= Ulrich von Sax =

Abbot of Saint Gall

Ulrich von Sax (born before 1204; died 23 September 1220) was Abbot of Saint Gall from 1204 until his death.
== Life ==
Ulrich descended from the House of Sax who had property in eastern Switzerland. He was the son of Albrecht von Sax. After his studies in Paris and Bologna, he became portarius (en. "doorman") in Saint Gall and was elected abbot on 18 December 1204. Ulrich probably received the jura regalia from King Philip. He supported his brother Heinrich in his battle against Hugo I of Montfort. Ulrich awarded his brother Heinrich the bailiwick over the abbey, which we had accroached after Philip's death.
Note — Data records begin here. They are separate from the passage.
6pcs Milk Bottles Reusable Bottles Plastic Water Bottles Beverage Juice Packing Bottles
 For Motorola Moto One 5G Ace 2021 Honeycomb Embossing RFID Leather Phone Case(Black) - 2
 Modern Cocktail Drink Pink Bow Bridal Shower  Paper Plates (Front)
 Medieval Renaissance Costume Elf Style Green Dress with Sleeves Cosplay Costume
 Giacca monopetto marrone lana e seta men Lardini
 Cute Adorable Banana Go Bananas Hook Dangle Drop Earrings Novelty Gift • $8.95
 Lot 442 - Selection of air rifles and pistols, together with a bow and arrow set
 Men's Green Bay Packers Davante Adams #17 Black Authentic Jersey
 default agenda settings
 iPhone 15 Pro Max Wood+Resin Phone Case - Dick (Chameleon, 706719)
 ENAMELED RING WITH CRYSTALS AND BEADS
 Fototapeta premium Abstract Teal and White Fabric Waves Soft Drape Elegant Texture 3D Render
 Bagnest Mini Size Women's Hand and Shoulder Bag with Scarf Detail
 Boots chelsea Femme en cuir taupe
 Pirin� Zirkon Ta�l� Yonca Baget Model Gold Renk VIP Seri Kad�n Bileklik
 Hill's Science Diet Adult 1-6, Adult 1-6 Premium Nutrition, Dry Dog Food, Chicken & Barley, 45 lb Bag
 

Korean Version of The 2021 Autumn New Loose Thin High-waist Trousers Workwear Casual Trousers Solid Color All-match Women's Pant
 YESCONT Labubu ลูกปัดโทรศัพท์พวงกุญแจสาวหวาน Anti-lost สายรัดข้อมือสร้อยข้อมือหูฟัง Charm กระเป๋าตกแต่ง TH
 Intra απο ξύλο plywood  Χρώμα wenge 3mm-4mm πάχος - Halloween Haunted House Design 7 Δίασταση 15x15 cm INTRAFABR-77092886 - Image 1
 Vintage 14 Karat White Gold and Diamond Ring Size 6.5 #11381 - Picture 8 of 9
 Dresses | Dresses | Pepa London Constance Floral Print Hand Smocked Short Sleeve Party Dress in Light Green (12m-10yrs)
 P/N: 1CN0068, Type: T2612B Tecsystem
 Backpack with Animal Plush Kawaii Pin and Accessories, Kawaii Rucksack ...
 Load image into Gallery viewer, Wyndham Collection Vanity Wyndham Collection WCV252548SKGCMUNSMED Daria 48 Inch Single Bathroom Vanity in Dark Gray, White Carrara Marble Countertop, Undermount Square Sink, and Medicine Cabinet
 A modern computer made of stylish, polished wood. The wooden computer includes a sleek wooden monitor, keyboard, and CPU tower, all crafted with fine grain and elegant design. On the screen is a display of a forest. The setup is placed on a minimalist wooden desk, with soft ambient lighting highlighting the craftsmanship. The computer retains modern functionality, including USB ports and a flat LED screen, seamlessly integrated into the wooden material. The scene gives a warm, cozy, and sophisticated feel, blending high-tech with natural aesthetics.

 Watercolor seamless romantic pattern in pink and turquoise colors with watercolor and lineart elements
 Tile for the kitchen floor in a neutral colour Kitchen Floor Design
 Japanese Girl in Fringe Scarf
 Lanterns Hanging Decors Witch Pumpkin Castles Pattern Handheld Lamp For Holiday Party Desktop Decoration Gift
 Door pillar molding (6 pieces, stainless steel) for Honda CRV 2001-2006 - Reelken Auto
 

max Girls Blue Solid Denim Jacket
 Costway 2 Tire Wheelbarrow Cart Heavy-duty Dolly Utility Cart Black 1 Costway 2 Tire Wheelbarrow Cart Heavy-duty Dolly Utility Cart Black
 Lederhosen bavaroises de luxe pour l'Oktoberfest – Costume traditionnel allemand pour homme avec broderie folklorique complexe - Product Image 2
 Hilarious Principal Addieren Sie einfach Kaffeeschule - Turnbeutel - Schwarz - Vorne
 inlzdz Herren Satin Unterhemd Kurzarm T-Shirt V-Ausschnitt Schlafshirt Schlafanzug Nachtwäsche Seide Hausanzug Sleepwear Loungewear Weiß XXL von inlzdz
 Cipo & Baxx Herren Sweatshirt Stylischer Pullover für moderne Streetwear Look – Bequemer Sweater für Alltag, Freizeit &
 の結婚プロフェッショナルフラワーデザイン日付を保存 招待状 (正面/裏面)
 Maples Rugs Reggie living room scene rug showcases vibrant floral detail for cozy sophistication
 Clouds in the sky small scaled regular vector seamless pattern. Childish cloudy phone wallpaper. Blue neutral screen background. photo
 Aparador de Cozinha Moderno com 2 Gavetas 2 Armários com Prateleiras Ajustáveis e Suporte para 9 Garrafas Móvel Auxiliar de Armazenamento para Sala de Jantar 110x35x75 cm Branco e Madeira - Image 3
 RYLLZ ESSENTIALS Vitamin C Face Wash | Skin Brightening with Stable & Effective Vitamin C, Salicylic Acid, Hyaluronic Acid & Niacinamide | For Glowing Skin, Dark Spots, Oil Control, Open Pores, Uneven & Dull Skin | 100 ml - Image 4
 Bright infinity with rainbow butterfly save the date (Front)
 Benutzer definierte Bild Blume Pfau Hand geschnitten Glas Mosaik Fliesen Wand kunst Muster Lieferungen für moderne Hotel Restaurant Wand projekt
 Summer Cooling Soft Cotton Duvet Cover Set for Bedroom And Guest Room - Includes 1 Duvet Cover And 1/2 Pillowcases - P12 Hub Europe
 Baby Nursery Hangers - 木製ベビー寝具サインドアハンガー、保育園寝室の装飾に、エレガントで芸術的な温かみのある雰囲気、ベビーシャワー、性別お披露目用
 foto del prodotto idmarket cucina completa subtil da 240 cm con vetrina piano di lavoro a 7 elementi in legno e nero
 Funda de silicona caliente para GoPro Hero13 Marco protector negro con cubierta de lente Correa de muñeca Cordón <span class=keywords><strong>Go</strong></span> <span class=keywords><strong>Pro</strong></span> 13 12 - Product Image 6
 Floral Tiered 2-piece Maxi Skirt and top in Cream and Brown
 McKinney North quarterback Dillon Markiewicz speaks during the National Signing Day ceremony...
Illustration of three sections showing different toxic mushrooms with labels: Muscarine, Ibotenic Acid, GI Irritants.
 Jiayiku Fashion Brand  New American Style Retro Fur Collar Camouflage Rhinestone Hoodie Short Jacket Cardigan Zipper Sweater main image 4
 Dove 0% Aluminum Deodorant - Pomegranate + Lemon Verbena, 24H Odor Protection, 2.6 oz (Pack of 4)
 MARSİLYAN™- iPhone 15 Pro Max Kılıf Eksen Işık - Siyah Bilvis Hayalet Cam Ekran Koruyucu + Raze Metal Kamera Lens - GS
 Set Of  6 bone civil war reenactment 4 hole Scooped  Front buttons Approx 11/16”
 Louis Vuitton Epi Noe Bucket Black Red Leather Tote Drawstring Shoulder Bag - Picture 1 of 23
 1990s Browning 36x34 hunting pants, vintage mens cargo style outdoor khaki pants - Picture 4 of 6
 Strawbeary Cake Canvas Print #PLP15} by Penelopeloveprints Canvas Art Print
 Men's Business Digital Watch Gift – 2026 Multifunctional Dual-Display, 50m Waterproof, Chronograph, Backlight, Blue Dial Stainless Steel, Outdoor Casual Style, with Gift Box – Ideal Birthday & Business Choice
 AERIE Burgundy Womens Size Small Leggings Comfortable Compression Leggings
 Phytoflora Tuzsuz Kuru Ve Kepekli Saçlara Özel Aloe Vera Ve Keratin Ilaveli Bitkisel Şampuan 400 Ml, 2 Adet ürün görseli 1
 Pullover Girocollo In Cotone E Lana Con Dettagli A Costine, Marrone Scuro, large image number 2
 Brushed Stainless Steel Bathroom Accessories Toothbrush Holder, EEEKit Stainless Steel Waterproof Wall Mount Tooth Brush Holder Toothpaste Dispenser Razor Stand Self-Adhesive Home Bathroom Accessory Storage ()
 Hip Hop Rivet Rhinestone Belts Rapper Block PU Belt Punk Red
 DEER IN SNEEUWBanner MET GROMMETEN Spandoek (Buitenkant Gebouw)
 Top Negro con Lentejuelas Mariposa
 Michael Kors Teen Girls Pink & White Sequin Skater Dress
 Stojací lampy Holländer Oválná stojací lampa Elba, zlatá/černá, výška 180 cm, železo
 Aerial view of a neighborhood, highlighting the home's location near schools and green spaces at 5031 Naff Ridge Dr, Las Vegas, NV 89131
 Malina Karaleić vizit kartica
However, after Otto IV had established himself as king, Ulrich's brother had to release the bailiwick again. In 1208, a dispute arose with Werner von Staufen, the Bishop of Konstanz, concerning Castle Rheineck. The dispute ended with Ulrich's defeat at Breitfeld. The chapel on the former battle field commemorates the bloodshed.

When Frederick II from the Hohenstaufen family moved to Germany in 1212, Ulrich met him and accompanied him to Basel. From then on, he is often found in proximity to Frederick. Ulrich was in charge of Frederick's legation to Pope Innocent III who assigned him the right of wearing the mitre. In 1217, Honorius III endowed him with the right to mitre and ring. Several times, Ulrich was appointed referee by the Pope in church disputes. He expanded the abbey's rule. Together with his brother Heinrich, he built Clanx Castle and he also displayed extensive construction activity in Saint Gall by building a maternity home for poor women. Ulrich was preparing to go to Italy with Frederick II, when he died of a fever in 1220.